California Dram Shop Laws

Drunk Driving Accidents | October 29, 2021

Accidents involving drunk drivers often result in severe injuries and extensive property damage. It is crucial for any person who operates a vehicle while impaired to be held accountable for their actions, both in criminal court and in civil court lawsuits. However, there may be other individuals who can be held accountable for the actions of a drunk driver. In some cases, this includes bartenders, restaurant servers, and any other person who sells or serves alcohol to individuals who go on to cause harm to others.

California Dram Shop Laws

What is a Dram Shop Law?

When you hear the words “dram shop,” you likely think of something from the past. In fact, this terminology has been used for hundreds of years, with the name harkening back to the unit of measure that alcohol was traditionally sold in. Now, every state has dram shop laws that surround the responsibility of alcohol providers when it comes to serving beverages to individuals.
Most personal injury cases involve two parties: the person who sustains the injury and the person who allegedly caused the injury. For example, in a drunk driving accident case, we typically see the injury victim file a personal injury lawsuit against the impaired driver.

However, California has a dram shop law, also referred to as a social host law, where the injury victim may be able to seek compensation not just from the person who directly caused the injury, but from an alcohol vendor or host who served alcohol to the individual who caused the injury.

How to Prove a Dram Shop Law Case

In many states around the country, dram shop laws are fairly straightforward, and individuals are allowed to bring claims against those who serve alcohol to a visibly intoxicated person if that person goes on to cause harm to others as a result of their intoxication.

However, legislators in California have made it difficult for these cases to proceed forward. When we look directly at California Civil Code section 1714, we can see that law states that furnishing alcohol “is not the proximate cause of injuries resulting from intoxication, but rather the consumption of alcoholic beverages is the proximate cause of injuries inflicted upon another by an intoxicated person.”

Lawmakers in California have essentially prevented injury victims from holding restaurants, bars, social hosts, and others who serve alcohol responsible for their actions, even if they serve an obviously intoxicated person. There are some exceptions to this law.

The first exception applies to parents, guardians, or other adults at their residences who knowingly furnish alcohol to an individual that they know or should have known is under 21 years of age. When this occurs, the social host could be held liable for the actions of the intoxicated individual. Additionally, under this exception, the social host’s liability will extend to any injuries suffered by the underage person themselves if they are harmed due to their intoxication.

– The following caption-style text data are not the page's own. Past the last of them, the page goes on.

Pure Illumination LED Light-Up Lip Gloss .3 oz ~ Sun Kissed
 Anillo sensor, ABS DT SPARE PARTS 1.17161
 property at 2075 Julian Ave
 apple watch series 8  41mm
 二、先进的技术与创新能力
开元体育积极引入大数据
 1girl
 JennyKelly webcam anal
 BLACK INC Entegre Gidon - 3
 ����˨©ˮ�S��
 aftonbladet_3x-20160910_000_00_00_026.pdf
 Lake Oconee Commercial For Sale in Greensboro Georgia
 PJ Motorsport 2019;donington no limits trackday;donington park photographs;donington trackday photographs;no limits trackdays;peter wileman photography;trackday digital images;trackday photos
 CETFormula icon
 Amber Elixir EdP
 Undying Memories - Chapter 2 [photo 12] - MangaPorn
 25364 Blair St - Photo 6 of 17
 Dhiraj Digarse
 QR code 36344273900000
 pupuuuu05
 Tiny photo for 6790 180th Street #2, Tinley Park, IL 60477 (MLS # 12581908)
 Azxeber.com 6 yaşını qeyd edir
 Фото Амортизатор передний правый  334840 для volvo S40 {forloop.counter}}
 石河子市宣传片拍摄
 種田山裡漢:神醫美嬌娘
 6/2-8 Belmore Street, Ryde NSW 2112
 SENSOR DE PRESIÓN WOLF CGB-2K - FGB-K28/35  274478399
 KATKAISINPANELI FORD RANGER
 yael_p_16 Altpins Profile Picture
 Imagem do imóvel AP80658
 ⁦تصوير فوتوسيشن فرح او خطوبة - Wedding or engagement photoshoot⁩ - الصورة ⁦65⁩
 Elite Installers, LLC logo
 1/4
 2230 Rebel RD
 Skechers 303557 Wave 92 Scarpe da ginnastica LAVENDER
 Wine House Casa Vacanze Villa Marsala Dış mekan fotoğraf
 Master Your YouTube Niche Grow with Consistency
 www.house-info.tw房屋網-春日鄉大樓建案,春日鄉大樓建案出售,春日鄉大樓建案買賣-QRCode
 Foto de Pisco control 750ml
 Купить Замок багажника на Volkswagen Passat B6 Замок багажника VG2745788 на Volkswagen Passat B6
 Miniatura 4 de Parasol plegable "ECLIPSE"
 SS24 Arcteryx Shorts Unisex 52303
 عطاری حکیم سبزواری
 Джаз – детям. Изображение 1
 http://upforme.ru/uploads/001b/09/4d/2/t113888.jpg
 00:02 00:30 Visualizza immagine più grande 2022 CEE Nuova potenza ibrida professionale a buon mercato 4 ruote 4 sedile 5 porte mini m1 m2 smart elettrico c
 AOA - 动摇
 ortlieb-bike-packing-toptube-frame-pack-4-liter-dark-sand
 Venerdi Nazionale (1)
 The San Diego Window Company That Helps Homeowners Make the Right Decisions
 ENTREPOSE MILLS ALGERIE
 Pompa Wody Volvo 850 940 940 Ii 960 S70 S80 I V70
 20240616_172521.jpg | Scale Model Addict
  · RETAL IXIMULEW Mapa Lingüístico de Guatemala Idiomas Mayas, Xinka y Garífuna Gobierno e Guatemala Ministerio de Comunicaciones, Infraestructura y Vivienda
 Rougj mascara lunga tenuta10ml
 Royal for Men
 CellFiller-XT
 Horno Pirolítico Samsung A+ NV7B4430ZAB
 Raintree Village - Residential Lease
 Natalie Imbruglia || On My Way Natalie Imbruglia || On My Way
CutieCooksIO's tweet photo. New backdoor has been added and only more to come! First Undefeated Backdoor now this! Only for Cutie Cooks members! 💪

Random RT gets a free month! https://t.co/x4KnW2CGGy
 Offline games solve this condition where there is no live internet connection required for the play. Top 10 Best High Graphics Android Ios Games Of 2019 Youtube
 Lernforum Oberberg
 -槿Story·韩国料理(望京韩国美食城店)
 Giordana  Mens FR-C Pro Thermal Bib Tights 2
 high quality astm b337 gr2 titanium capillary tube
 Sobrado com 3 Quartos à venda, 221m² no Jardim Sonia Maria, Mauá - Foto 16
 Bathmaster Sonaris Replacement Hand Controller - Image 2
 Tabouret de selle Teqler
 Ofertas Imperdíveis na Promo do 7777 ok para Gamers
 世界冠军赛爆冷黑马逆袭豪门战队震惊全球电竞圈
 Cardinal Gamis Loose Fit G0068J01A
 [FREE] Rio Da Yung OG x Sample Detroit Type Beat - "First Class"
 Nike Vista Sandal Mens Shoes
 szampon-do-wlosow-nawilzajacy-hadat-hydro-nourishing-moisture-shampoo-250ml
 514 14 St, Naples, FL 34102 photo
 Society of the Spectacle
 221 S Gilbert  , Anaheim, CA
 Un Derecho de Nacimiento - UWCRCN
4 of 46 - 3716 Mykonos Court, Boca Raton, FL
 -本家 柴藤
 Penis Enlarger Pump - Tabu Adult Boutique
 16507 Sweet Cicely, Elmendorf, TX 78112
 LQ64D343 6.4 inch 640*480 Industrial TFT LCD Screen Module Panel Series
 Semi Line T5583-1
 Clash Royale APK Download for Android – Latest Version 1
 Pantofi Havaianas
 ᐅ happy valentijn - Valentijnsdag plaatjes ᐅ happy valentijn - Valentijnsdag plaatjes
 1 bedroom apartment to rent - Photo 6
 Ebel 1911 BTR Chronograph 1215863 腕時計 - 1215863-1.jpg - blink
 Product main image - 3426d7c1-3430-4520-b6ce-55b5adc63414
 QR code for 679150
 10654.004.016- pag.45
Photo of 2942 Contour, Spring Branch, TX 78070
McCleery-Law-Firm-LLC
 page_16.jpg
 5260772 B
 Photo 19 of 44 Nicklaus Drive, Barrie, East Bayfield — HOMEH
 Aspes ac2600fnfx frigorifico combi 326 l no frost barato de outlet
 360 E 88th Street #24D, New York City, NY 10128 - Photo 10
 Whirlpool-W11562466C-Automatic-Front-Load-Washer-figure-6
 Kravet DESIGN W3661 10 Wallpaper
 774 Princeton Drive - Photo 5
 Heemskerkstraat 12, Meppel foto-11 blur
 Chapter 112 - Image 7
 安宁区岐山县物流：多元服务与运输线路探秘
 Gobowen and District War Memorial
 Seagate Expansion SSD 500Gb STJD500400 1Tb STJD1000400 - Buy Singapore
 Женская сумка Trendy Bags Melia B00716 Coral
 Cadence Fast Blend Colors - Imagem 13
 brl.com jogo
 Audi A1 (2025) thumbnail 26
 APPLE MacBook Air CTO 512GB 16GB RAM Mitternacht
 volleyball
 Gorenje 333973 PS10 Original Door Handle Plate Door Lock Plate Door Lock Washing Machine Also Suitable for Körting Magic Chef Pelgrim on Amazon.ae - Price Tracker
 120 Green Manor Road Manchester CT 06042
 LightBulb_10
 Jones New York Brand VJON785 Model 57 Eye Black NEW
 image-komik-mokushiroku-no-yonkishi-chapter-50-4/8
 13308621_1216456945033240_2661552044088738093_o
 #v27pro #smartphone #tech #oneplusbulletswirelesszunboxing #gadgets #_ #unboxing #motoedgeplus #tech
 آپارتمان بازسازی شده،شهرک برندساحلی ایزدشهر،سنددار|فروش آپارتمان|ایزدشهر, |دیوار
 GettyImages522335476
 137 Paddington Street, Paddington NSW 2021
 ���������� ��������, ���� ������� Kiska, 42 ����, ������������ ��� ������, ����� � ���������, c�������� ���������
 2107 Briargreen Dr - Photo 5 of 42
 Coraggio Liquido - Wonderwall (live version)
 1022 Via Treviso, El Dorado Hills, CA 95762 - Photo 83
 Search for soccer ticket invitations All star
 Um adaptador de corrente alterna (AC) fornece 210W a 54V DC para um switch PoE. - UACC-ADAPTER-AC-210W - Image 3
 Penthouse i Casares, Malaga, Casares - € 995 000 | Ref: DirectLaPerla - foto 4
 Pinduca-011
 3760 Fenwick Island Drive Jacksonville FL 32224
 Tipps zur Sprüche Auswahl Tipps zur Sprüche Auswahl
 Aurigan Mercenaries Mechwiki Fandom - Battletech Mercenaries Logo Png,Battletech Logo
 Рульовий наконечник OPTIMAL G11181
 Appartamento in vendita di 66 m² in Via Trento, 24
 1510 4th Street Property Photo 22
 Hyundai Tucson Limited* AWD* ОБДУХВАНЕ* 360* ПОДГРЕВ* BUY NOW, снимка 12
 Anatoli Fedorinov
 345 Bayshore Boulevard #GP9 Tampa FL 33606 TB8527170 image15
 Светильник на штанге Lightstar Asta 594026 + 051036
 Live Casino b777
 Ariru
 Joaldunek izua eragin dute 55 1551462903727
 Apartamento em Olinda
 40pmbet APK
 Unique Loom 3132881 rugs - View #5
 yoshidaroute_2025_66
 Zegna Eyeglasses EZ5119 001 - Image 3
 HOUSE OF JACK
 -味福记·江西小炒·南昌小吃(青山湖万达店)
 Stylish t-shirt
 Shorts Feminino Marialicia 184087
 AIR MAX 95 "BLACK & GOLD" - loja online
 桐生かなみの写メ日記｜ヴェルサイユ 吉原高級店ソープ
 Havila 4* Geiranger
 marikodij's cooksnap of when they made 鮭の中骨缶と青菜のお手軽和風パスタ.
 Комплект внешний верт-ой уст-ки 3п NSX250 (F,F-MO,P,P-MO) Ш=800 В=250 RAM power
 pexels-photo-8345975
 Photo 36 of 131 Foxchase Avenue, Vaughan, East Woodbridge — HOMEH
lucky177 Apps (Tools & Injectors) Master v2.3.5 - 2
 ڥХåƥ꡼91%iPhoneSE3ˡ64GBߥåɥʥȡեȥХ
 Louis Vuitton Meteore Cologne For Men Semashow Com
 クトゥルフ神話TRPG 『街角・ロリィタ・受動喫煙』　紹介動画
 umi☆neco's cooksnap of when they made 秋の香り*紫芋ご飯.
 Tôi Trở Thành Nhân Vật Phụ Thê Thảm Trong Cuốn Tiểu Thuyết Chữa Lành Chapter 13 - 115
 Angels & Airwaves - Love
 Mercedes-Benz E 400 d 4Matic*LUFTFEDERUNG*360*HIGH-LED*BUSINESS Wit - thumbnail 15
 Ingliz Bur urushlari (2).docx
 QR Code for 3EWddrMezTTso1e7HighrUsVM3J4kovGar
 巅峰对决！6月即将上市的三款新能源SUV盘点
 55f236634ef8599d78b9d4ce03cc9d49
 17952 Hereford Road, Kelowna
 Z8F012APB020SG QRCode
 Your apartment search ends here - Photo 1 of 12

The second exception to the dram shop laws in California apply to businesses licensed to provide, sell, or serve alcohol if they serve alcoholic beverages to an “obviously intoxicated minor.” This is similar to the first exception, but revolves around bars, liquor stores, restaurants, and other providers of alcohol.

Individuals who successfully bring a dram shop claim against those who serve alcohol to underage individuals in California may be entitled to various types of compensation. This can include coverage of medical care as a result of the incident, lost wages if a victim cannot work, pain and suffering damages, property damage expenses, and more.